It is tempting to think the Cantor set "is" the endpoints, the points $0, 1/3, 2/3, 1, 1/9, 2/9, 7/9, 8/9, \ldots$ that mark the construction stages. These endpoints form a countable subset of $C$ . But $C$ itself is uncountable: most of its points are not endpoints, but interior limit points of the infinite nesting. The number $1/4 = 0.\overline{02}_3$ is in $C$ and never appears as an endpoint at any finite stage. Confusing the set of endpoints with the Cantor set is the single most common source of "the Cantor set is countable" errors in student work.

What you now know

You can construct the Cantor set, prove it has Lebesgue measure zero, prove it is uncountable, and list its core topological properties. More broadly, you understand that "small in measure" and "small in cardinality" are independent notions, the Cantor set is the canonical example. The next section finally builds the Lebesgue integral on top of this measure theory, the modern replacement for the Riemann integral.

Mark section complete →

References

Garrity, T. (2002). All the Mathematics You Missed: But Need to Know for Graduate School. Cambridge University Press, ch. 12.
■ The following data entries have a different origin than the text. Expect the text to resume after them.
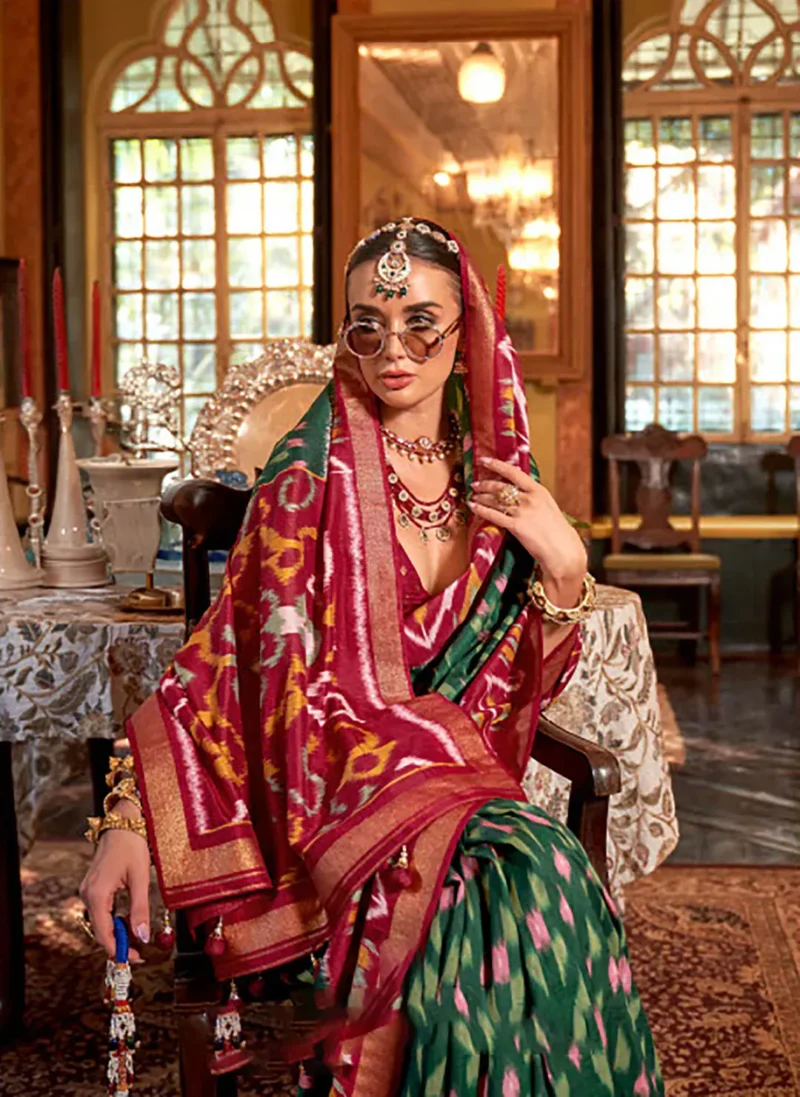 Green Maroon Polyester Viscose silk Patola Printed Saree - Image 2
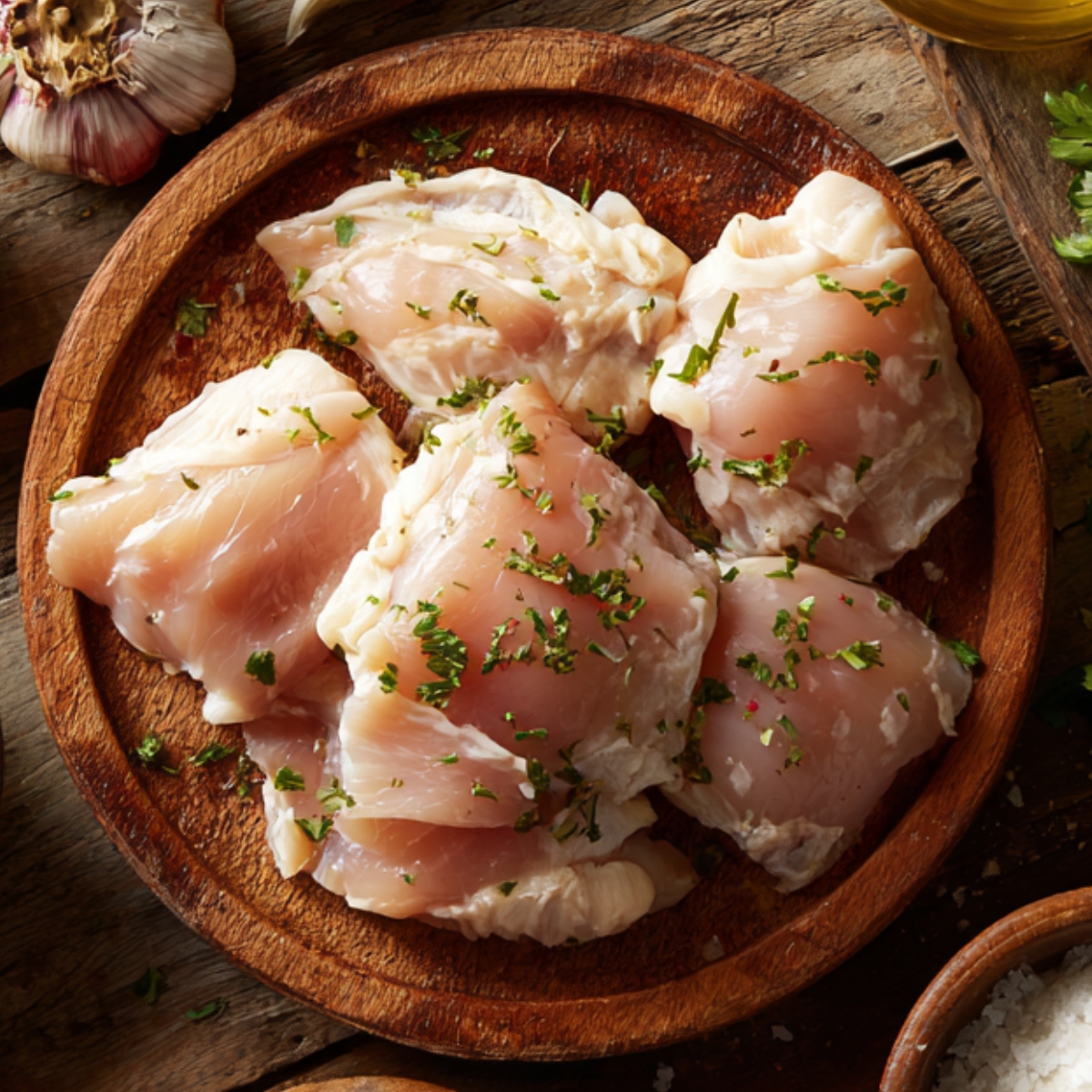 Raw chicken thighs seasoned with herbs and salt on a wooden plate, ready for cooking.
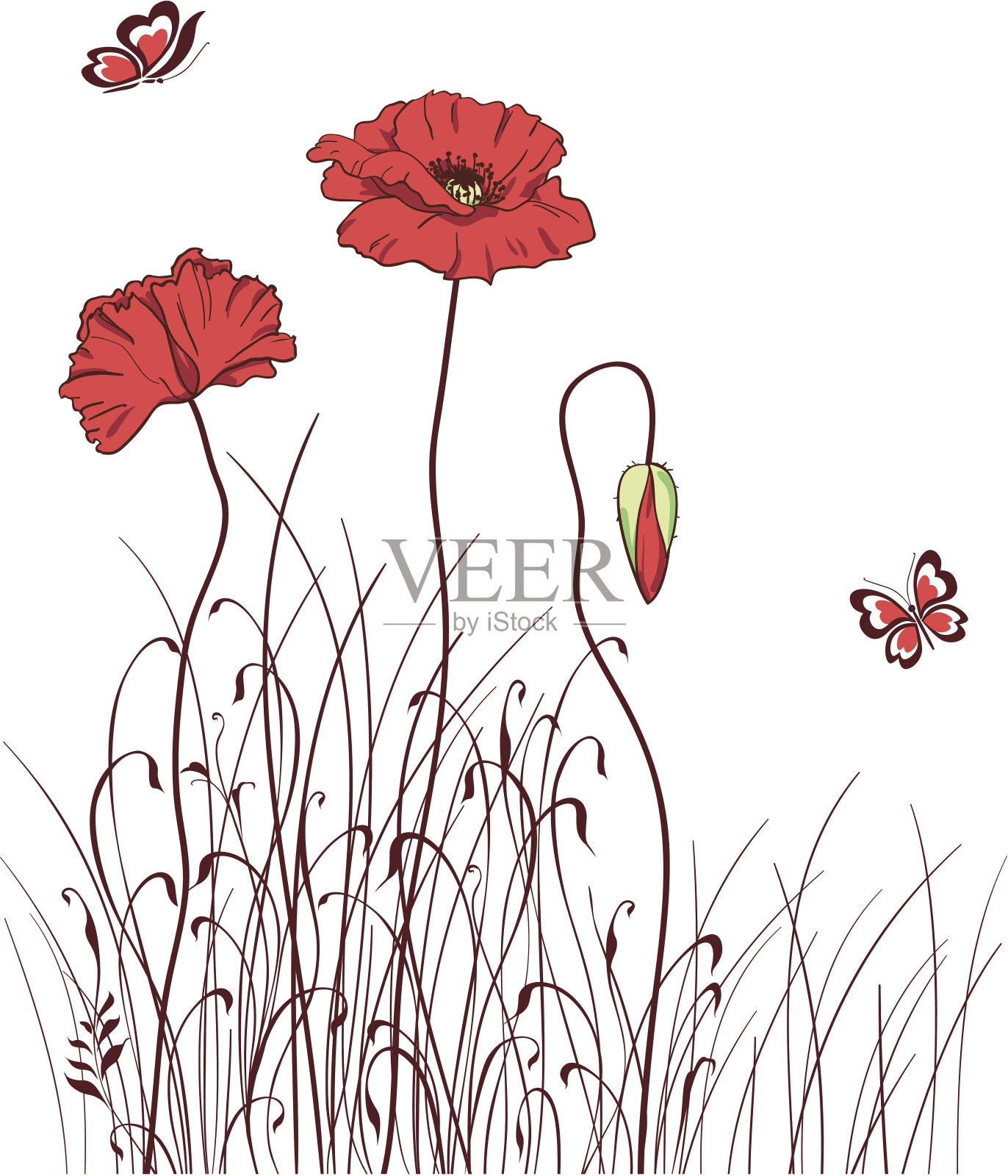 红罂粟草地插画图片素材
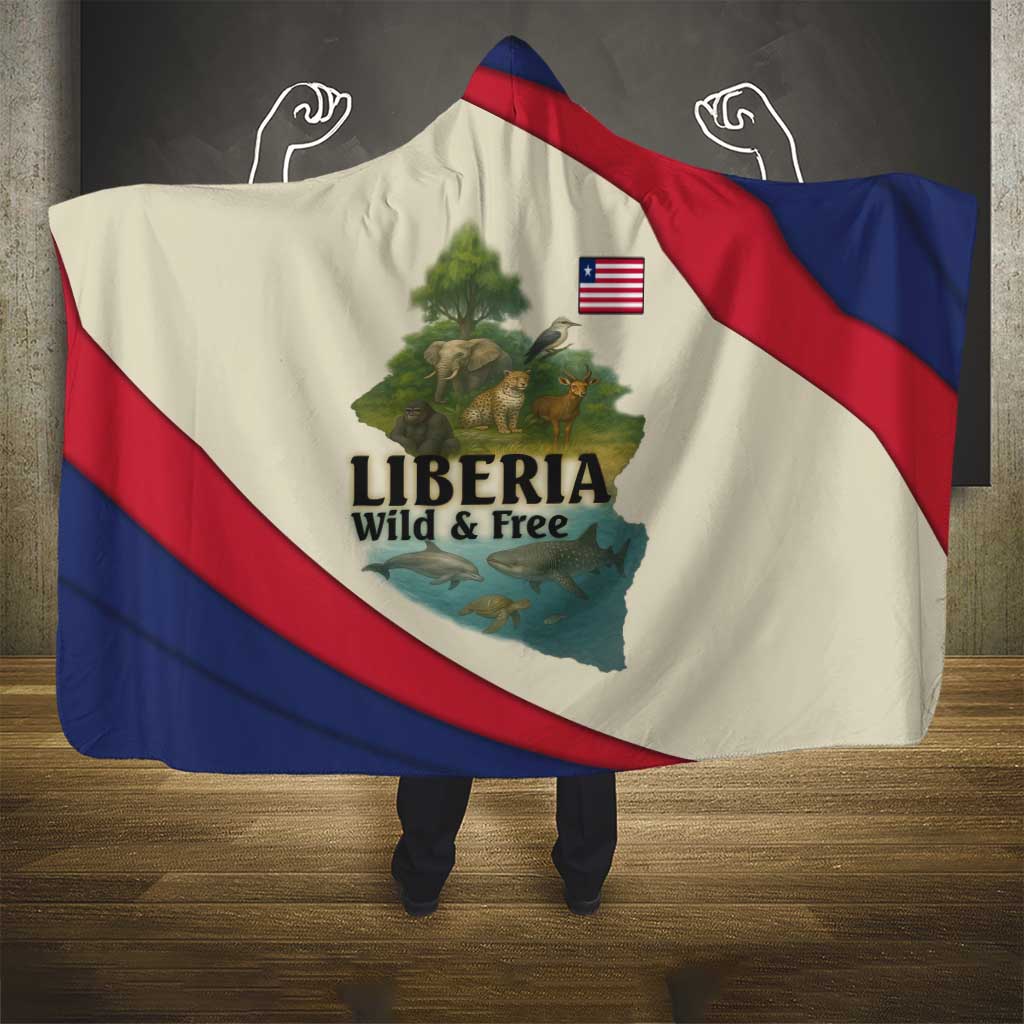 Liberia Wildlife Hooded Blanket African Safari and Ocean Marine Life - African Pride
Royden, H. L., Fitzpatrick, P. M. (2010). Real Analysis (4th ed.). Pearson, ch. 2.

Folland, G. B. (1999). Real Analysis: Modern Techniques and Their Applications (2nd ed.). Wiley, ch. 1.

Falconer, K. (2014). Fractal Geometry: Mathematical Foundations and Applications (3rd ed.). Wiley, ch. 2.

Stein, E. M., Shakarchi, R. (2005). Real Analysis. Princeton UP, ch. 1.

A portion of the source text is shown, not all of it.